Babylon.cpp is a C and C++ library for grapheme to phoneme conversion and text to speech synthesis. For phonemization a ONNX runtime port of the DeepPhonemizer model is used. For speech synthesis VITS models are used. Piper models are compatible after a conversion script is run.
To build and run the library run the following commands:
make
./bin/babylon_example
To reduce compile time by default the libary uses onnxruntime shared libraries provided by microsoft.
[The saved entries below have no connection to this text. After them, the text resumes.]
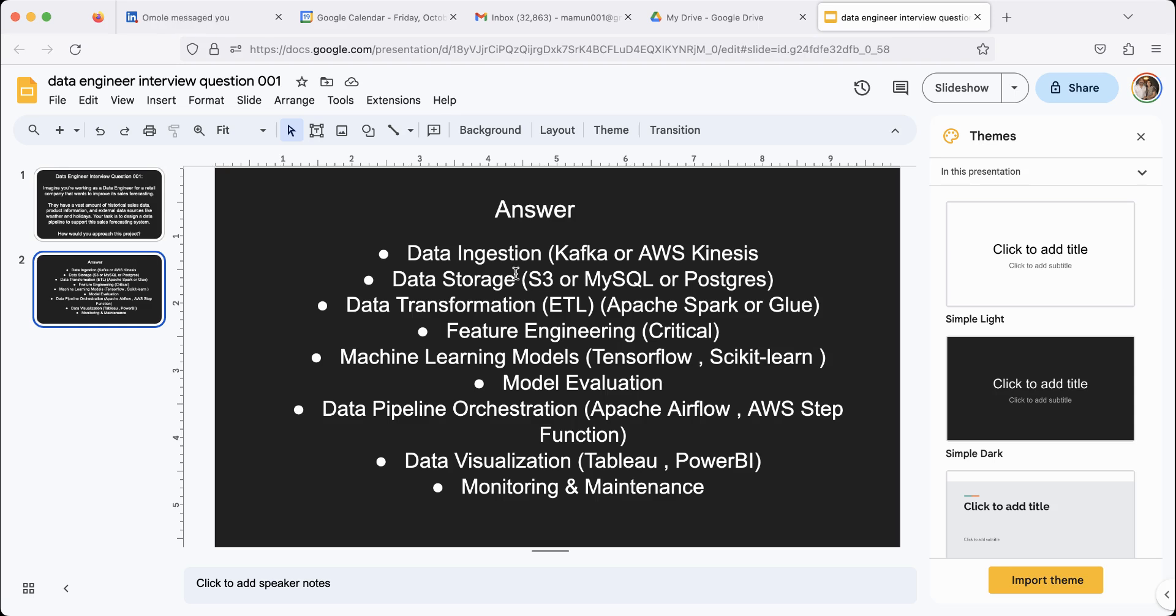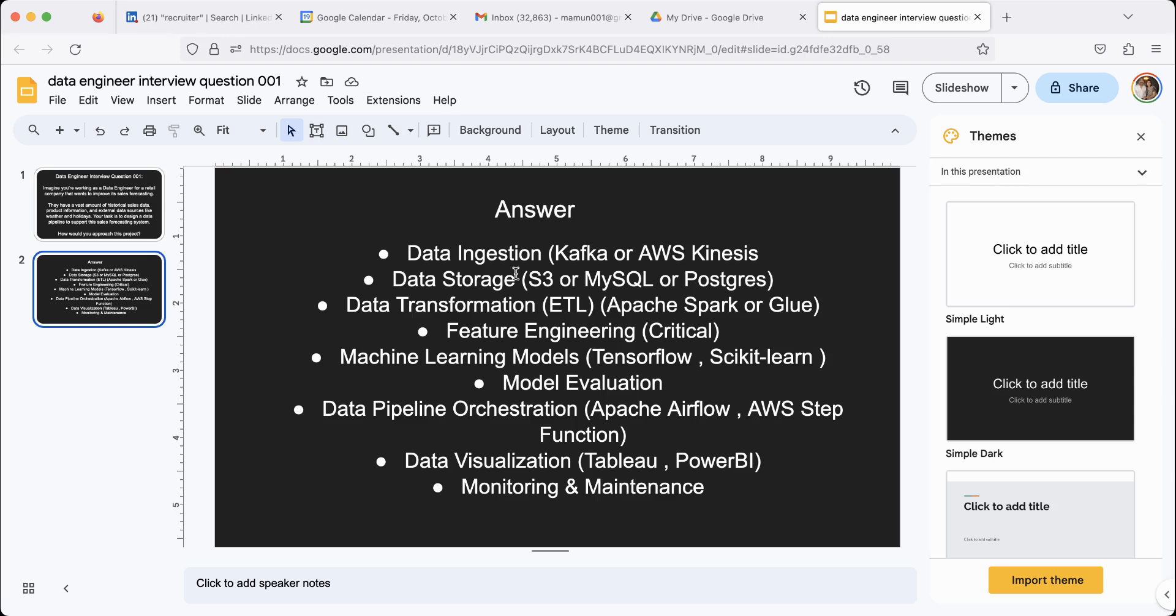Once you've done all that, because the model is going to give you the prediction that you're looking for. Now, you can't just do this once. You have to do this over and over again with new data. That's called the data pipeline. You can orchestrate this pipeline using Apache Airflow or AWS Step Function and other tools as well.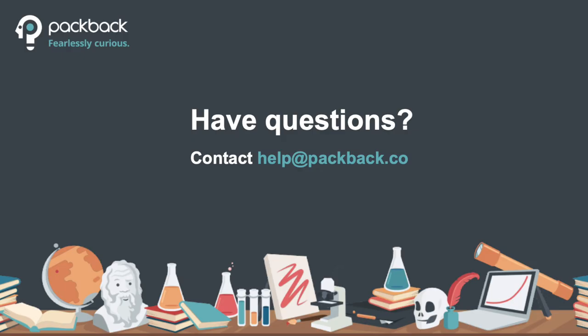If you have any questions regarding how to set up Gradebook Sync in Canvas, please reach out to help@packback.co.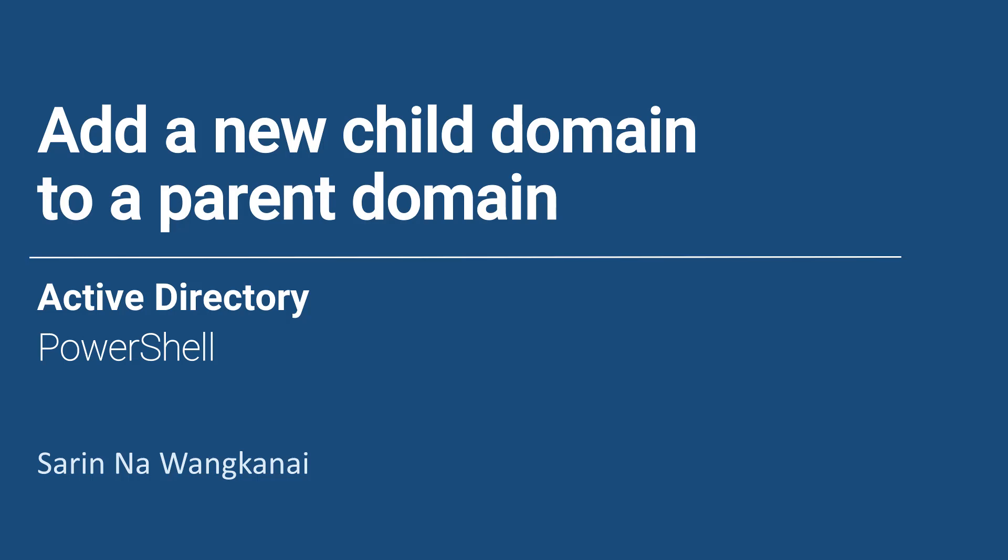Welcome to another great series of mastering Windows Active Directory. In this video we will learn how to add a new child domain to a parent domain through PowerShell.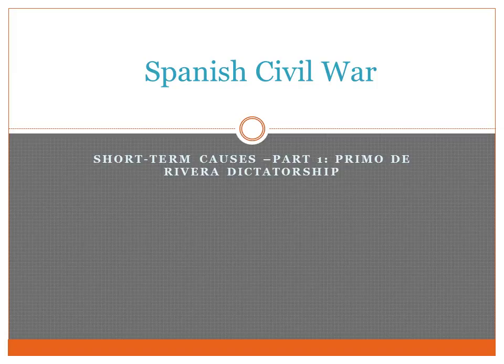This is number six — actually, I think it's number seven. And it's looking at the short-term causes of the Spanish Civil War.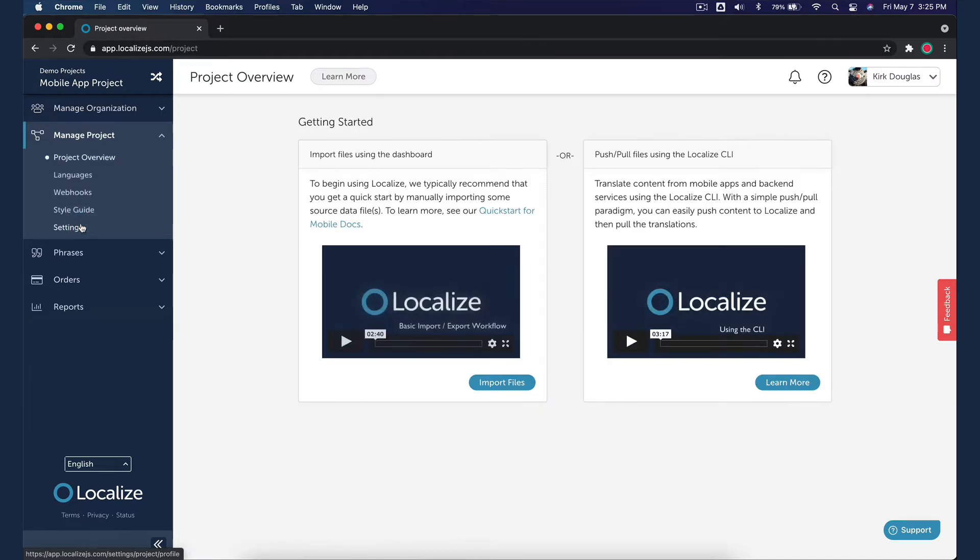On the Getting Started page, you'll see instructions on how to get started. For mobile app projects, we typically recommend that you get a quick start by manually importing a source data file using the Localize dashboard. Then export your translations to plug back into your mobile app.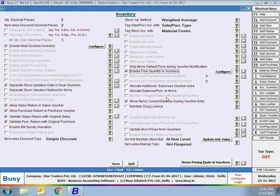Next, allocate additional expenses voucher-wise and allocate expense purchase to item. On enabling these options, certain windows will appear at the time of data entry where you can specify additional expenses or expense purchases to be allocated to items. Show item's current balance during voucher entry — at the time of data entry, when you select an item, its current stock will be displayed at the bottom of the voucher.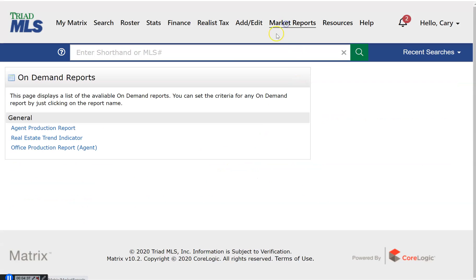Market reports. These on-demand reports you can run whenever you would like. You can access your own agent production report, your office production report, and use the Real Estate Trend Indicator, a very valuable statistical reporting product.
This can be overridden by setting BABYLON_BUILD_SOURCE
to ON
.
#include "babylon.h"
int main() {
babylon_g2p_options_t options = {
.language = "en_us",
.use_dictionaries = 1,
.use_punctuation = 1,
};
babylon_g2p_init("path/to/deep_phonemizer.onnx", options);
const char* text = "Hello World";
babylon_tts_init("path/to/vits.onnx");
babylon_tts(text, "path/to/output.wav");
babylon_tts_free();
babylon_g2p_free();
return 0;
}
#include "babylon.hpp"
int main() {
DeepPhonemizer::Session dp("path/to/deep_phonemizer.onnx");
Vits::Session vits("path/to/vits.onnx");
std::string text = "Hello World";
std::vector<std::string> phonemes = dp.g2p(text);
vits.tts(phonemes, "path/to/output.wav");
return 0;
}